Recovery can be thought of as the new medical model for psychiatry. This Open Forum traces the roots of this new medical model in medicine, psychiatry, and in changes in societal attitudes toward illness and disability.

Many ways of conceptualizing recovery from mental illness have been proposed. One framework includes three types of recovery from serious mental illness, corresponding with concepts of recovery applied to other chronic illnesses and disabilities.

The first type of recovery is cure, or remission of the illness, which has been called clinical recovery (4). The person is free of symptoms, can function well in work and relationships, and does not need medication or other treatment. Standardized remission criteria for schizophrenia have been proposed (5), as they have for other illnesses.

The second type of recovery, known as illness management (6), involves symptom control and long-term monitoring of the illness by both doctor and patient. This type of recovery is what physicians generally strive for in chronic illnesses such as hypertension, diabetes, and HIV disease. If the person takes medications faithfully, recognizes early signs of illness, and follows a treatment program, he or she can minimize exacerbations of the illness.

The third type of recovery, personal recovery (4), involves functioning at one's best despite ongoing symptoms of illness. This philosophy has been embraced by the disability rights movement, by cancer survivors, and by people with mental illness (7,8). Neither denying their illness nor defining themselves by it, people strive to get the most out of life in the face of continued symptoms. Anthony (9) described recovery in this sense as “a way of living a satisfying, hopeful, and contributing life even with limitations caused by illness. Recovery involves the development of new meaning and purpose in one's life as one grows beyond the catastrophic effects of mental illness.”

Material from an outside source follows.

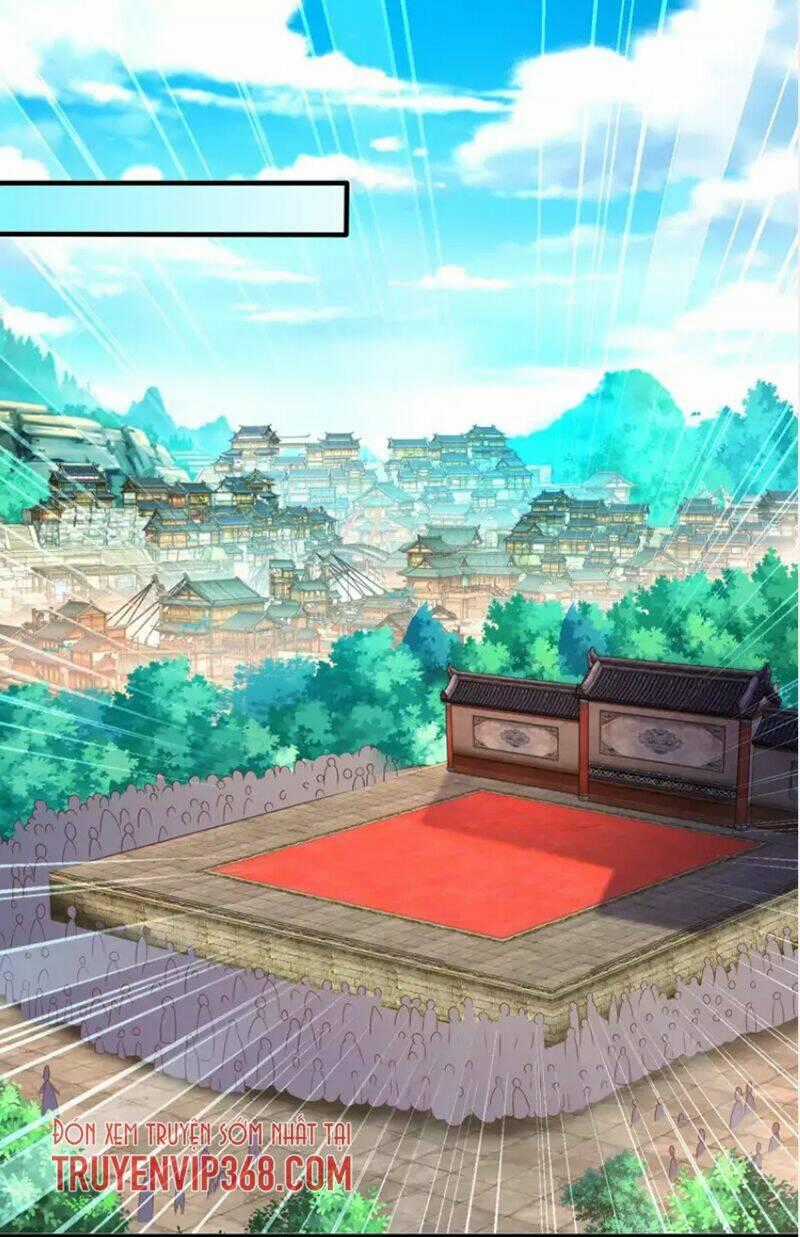Chí Tôn Trọng Sinh Chapter 166 trang 1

These three types of recovery are not mutually exclusive. When a person is in remission (clinical recovery) from any severe illness, he or she still needs to work on personal recovery, returning to work and other previous activities, and perhaps even relearning some activities if the illness was prolonged. Personal recovery is also important in illness management to help the person stay on track with treatment and focus on activities unrelated to taking medication that maintain mental health. Deegan (10) has termed these activities, which may include work, talking with friends, exercise, and other pursuits, as “personal medicine.”

Ten long-term follow-up studies of schizophrenia published between 1972 and 1995 indicated that people with this illness achieve significant clinical recovery over time (11). In these studies, people with schizophrenia were followed from ten to more than 30 years, and as many as a third were found to achieve remission of illness symptoms with no further need for medication. Roughly another third of participants in these studies achieved partial remission of symptoms and the ability to function in the community. Two more recent studies had similar findings (12,13). They showed that a subset of patients with schizophrenia does not appear to need lifelong medication treatment.

The populations in these long-term studies are different from samples in clinical research trials or clinical caseloads of patients seeking treatment. Findings from such studies paint a fuller picture of how people with schizophrenia fare over time because the studies follow people whether or not they are in treatment.

Miraculous cures tend to strengthen our belief in medicine and science. However, amazing stories of personal recovery from an illness help us believe in people's abilities. Examples of personal recovery from outside the mental health field show how far we have come as a society toward accepting and integrating people with physical illnesses and disabilities.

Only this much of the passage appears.